Lucid Dreaming: Part 1

I really hate it when a dream seems so real that I believe the events actually happened. I’ll do something terrible or embarrassing, and the next day I will feel like everybody remembers I did those things (only, of course, to realize that it never happened and they don’t know why I’m acting strangely). If only there was a way to tell myself that I’m just dreaming, I could have some control over the situation.

Well, some say there is a way. Lucid dreaming is the phenomenon in which the dreamers become aware that they are dreaming and are able, in some cases, to assert themselves over the content of the dream. If you are not making a conscious effort to achieve lucidity, it may happen infrequently, but you have probably experienced it at some point in your life. I remember my most vivid lucid dream. I became aware I was dreaming, but I still didn’t grasp the potential for experimentation. My dream still had to follow a story, so I created transitions instead of abrupt changes.

It went like this: I was walking down a highway and off to my left was this great prehistoric forest. Huge vines and massive trees set down in a valley. I was amazed and thought “I wish I could show this place to my friends…but it’s a dream.” With this realization, a light rain started to fall. I didn’t try to stop the rain. Instead, I created a place to escape the rain. On the other side of the highway, a strip mall opened up. The signs were all spinning like counters waiting for me to choose what kind of store each belonged to. What did I want? “Hmm, I could really go for some frozen yogurt.” A sign stopped on the TCBY logo and I went in to dry off and enjoy my dessert.
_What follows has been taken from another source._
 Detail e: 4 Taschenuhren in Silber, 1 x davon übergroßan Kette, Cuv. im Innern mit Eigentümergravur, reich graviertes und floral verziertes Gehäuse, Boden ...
I hadn’t been trying at lucid dreaming; I wasn’t expecting it. I was unprepared for it, so I feel like I didn’t make the most of it. It’s hard to say if I could have controlled the dream any more if I had been expecting it, because our minds are wired to believe what they see. This is why hallucinations are so dangerous. Even if you rationally understand that your friend’s face couldn’t turn into a pile of squirming maggots, if that’s what you see, it will be hard to convince you it’s not real. For the same reason, no matter how strange and surreal the dream becomes, our brain is willing to accept it as reality.

EEG readings show higher amounts of beta-1 waves during lucid dreaming, which seems to indicate conscious thought. It can begin during a dream (dream-initiated), or you can transition directly from awake to dreaming without losing self-awareness (wake-initiated). I believe on occasion I’ve been able to transition through wake-initiated lucid dreaming, but it is very difficult to maintain conscious focus once you cross that threshold. I will close my eyes and begin dictating my environment, only to realize in a few minutes that my attention has wandered, wake and try again. Truly, if you need to get to sleep and your body/mind won’t let you, just close your eyes and really try to build a story. Don’t just think about things you have to do, visualize yourself doing them step by step. You’ll be dreaming in no time. Probably not lucid dreaming, but you’ll at least be sleeping.

A fair amount of research has been done on lucid dreaming, and one observation has been that the perception of time seems to be about the same during lucid dreaming as while awake. How do we gauge this? Eye signals. During REM sleep, our eyes jump around quite a bit, but imagine for a moment that you realize you’re dreaming and you have the ability to control where you look. Yes, you’re actually just looking at your eyelids, but your brain is still telling you what you see, so without breaking from the dreamscape, you are able to give messages to the waking world where scientists with electrooculograms record your activities.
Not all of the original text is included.